##### DATA SHOWN #####

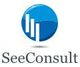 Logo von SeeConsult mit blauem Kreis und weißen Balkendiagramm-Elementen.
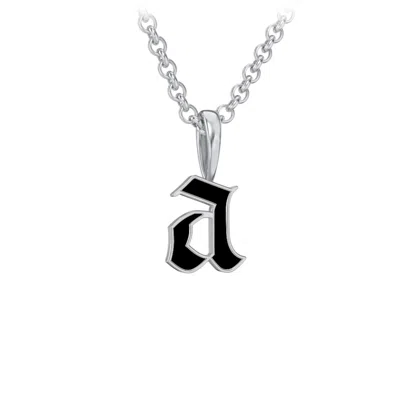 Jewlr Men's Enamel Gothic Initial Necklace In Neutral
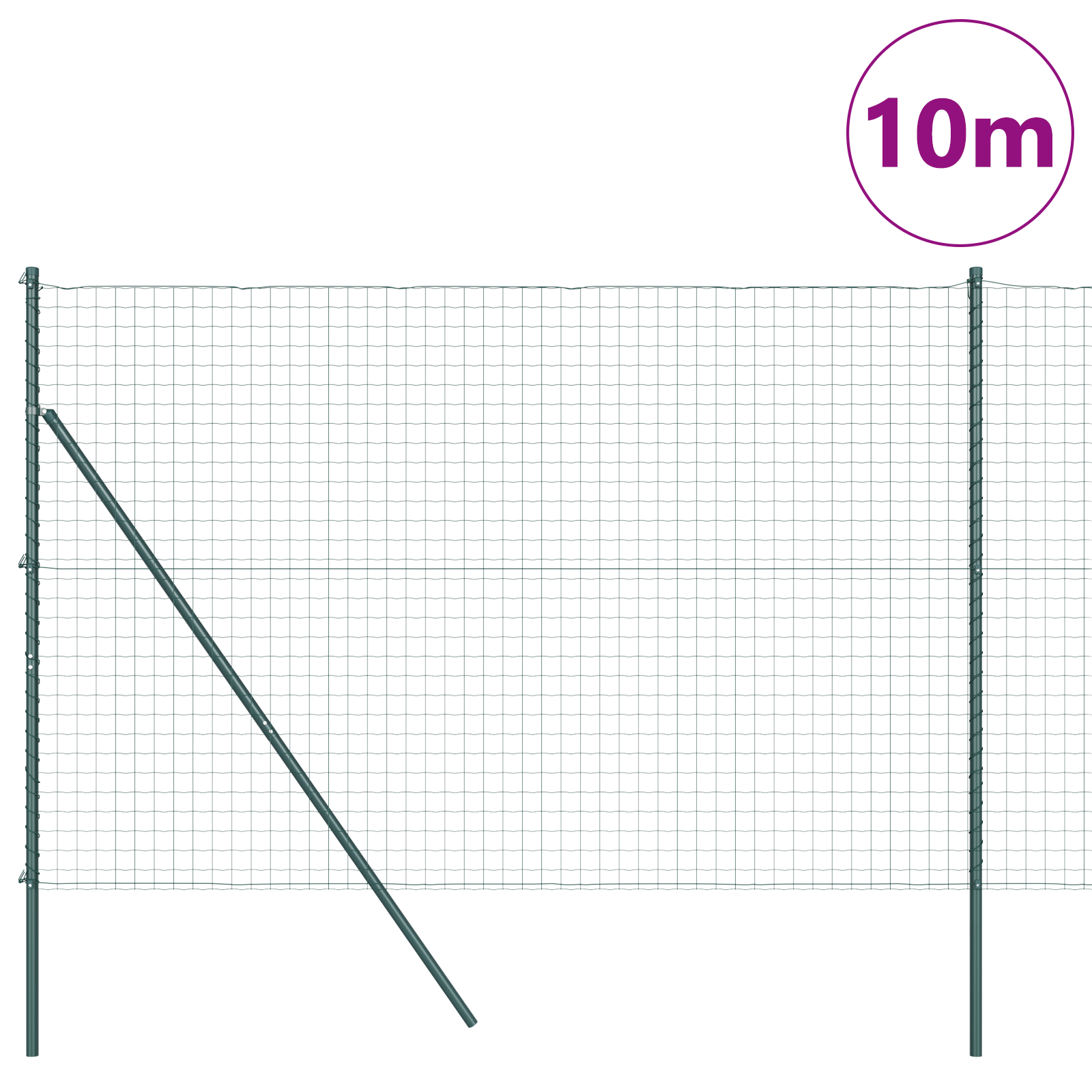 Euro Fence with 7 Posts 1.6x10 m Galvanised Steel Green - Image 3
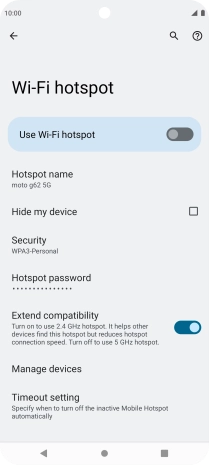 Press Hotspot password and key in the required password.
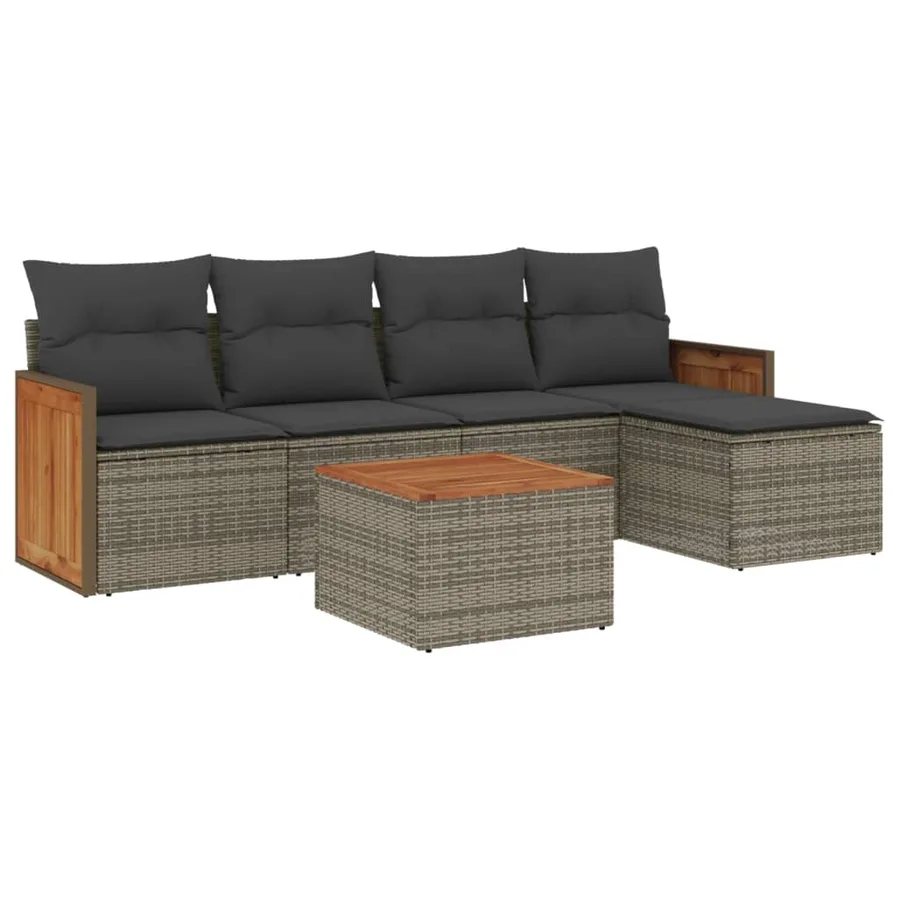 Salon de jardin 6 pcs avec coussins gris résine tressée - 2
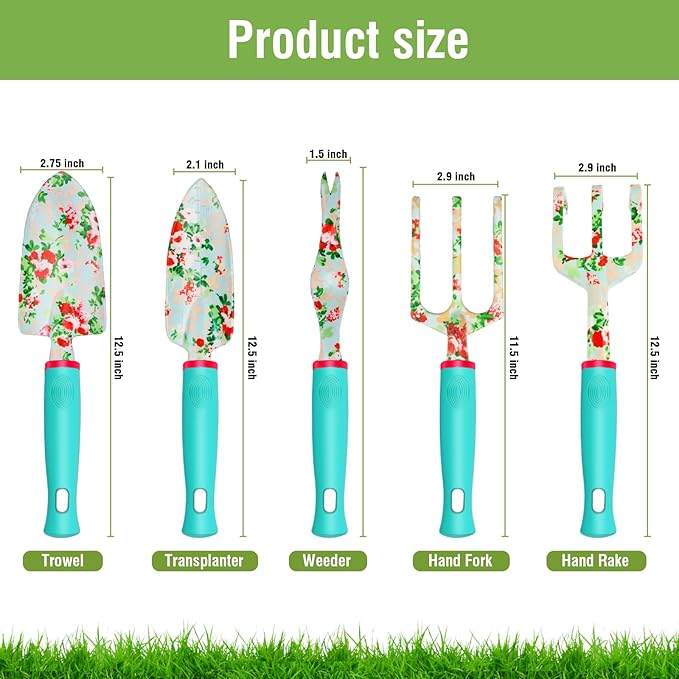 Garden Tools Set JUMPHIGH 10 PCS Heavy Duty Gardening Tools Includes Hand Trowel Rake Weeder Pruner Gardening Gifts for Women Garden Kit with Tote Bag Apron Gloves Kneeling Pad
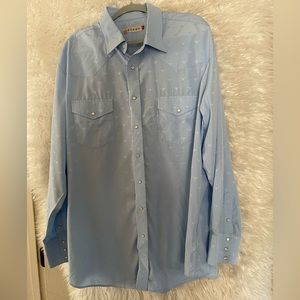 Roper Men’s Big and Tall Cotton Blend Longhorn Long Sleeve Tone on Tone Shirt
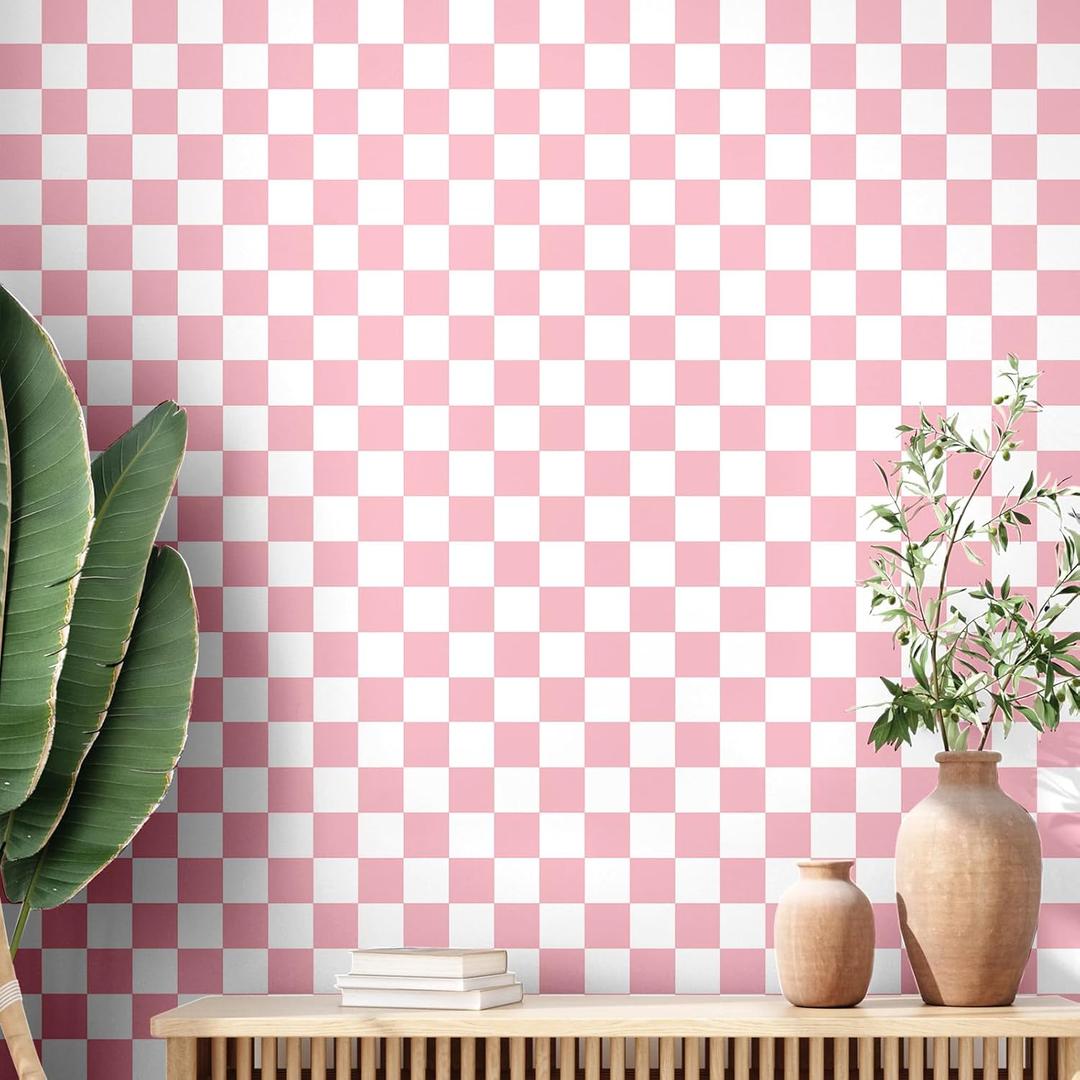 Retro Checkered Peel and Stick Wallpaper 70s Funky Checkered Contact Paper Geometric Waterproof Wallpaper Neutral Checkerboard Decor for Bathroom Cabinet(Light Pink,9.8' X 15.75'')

#####

WORK REQUIRED: Write every entry again exactly as given, skipping the pictures.

TASK ANSWER:
 Logo von SeeConsult mit blauem Kreis und weißen Balkendiagramm-Elementen.
 Jewlr Men's Enamel Gothic Initial Necklace In Neutral
 Euro Fence with 7 Posts 1.6x10 m Galvanised Steel Green - Image 3
 Press Hotspot password and key in the required password.
 Salon de jardin 6 pcs avec coussins gris résine tressée - 2
 Garden Tools Set JUMPHIGH 10 PCS Heavy Duty Gardening Tools Includes Hand Trowel Rake Weeder Pruner Gardening Gifts for Women Garden Kit with Tote Bag Apron Gloves Kneeling Pad
 Roper Men’s Big and Tall Cotton Blend Longhorn Long Sleeve Tone on Tone Shirt
 Retro Checkered Peel and Stick Wallpaper 70s Funky Checkered Contact Paper Geometric Waterproof Wallpaper Neutral Checkerboard Decor for Bathroom Cabinet(Light Pink,9.8' X 15.75'')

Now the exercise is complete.